Stored data:
= Beginning of Section =
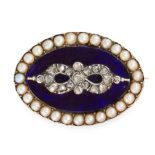 AN ANTIQUE DIAMOND, PEARL AND GLASS BROOCH in yellow gold, the oval face is set with rose cut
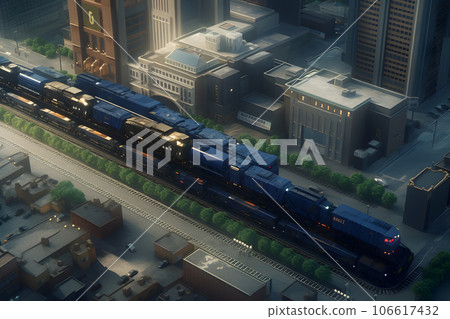 Cargo train platform with freight train container at depot. Neural network AI generated 106617432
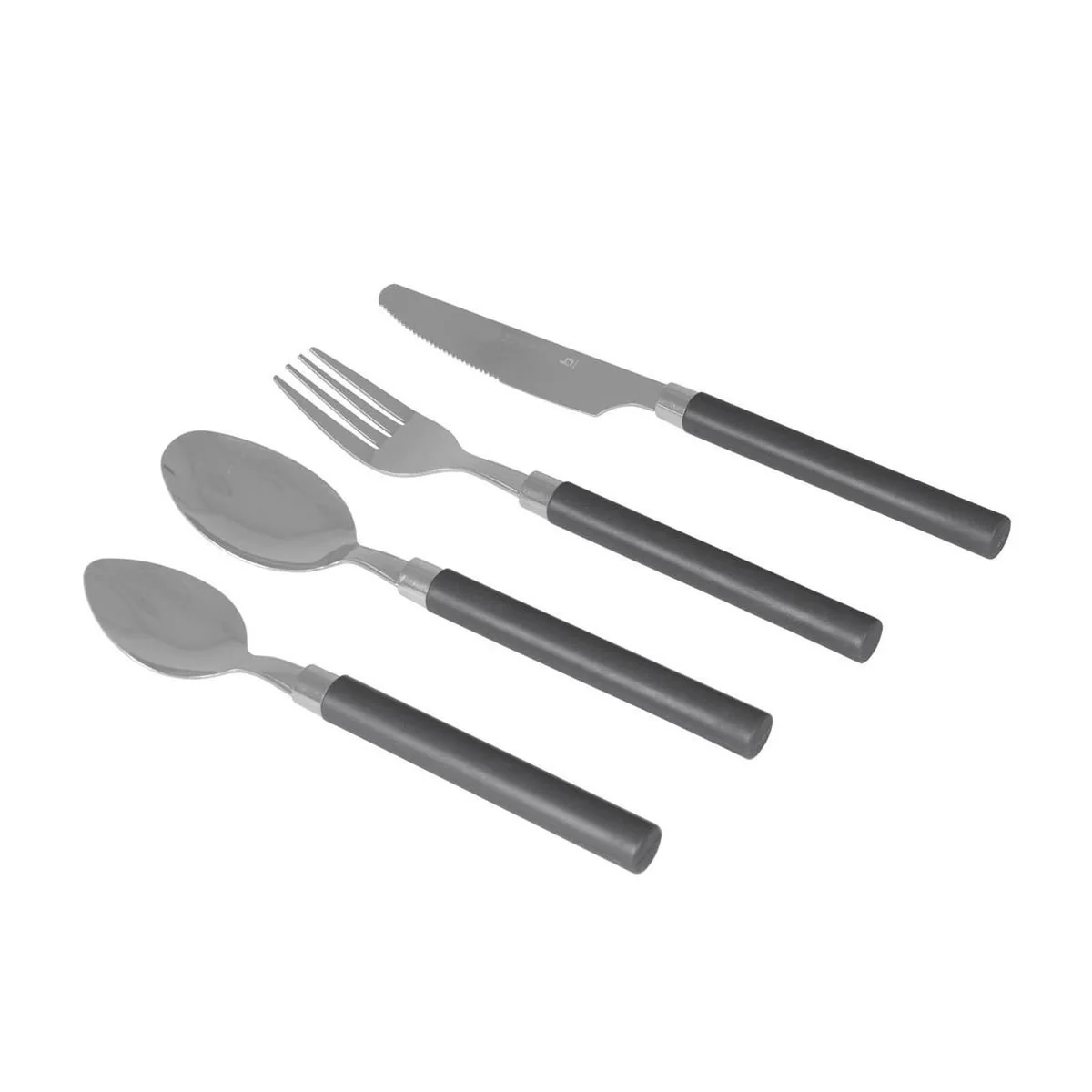 Bo-Camp Cutlery Set with Basket 24 Pieces 6 Persons Grey - Image 3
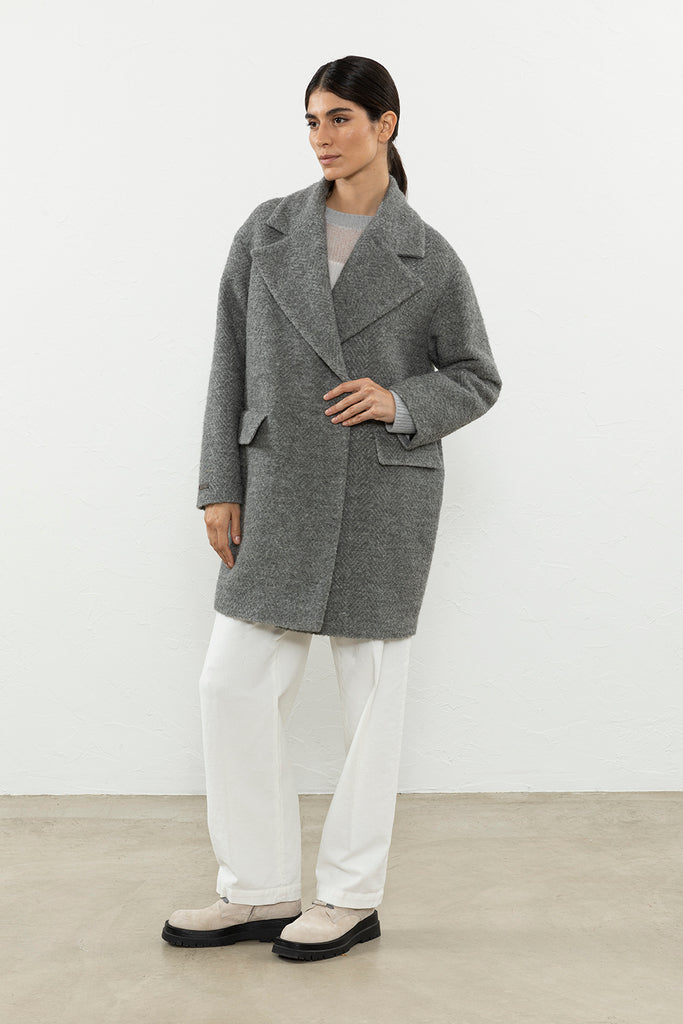 Brushed bouclè lurex wool coat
= End of Section =
Task details:
Each line from the one that holds "Cargo train platform" through the end of the material should be repeated exactly, and nothing more. Leave out any picture.

Solution to this task:
 Cargo train platform with freight train container at depot. Neural network AI generated 106617432
 Bo-Camp Cutlery Set with Basket 24 Pieces 6 Persons Grey - Image 3
 Brushed bouclè lurex wool coat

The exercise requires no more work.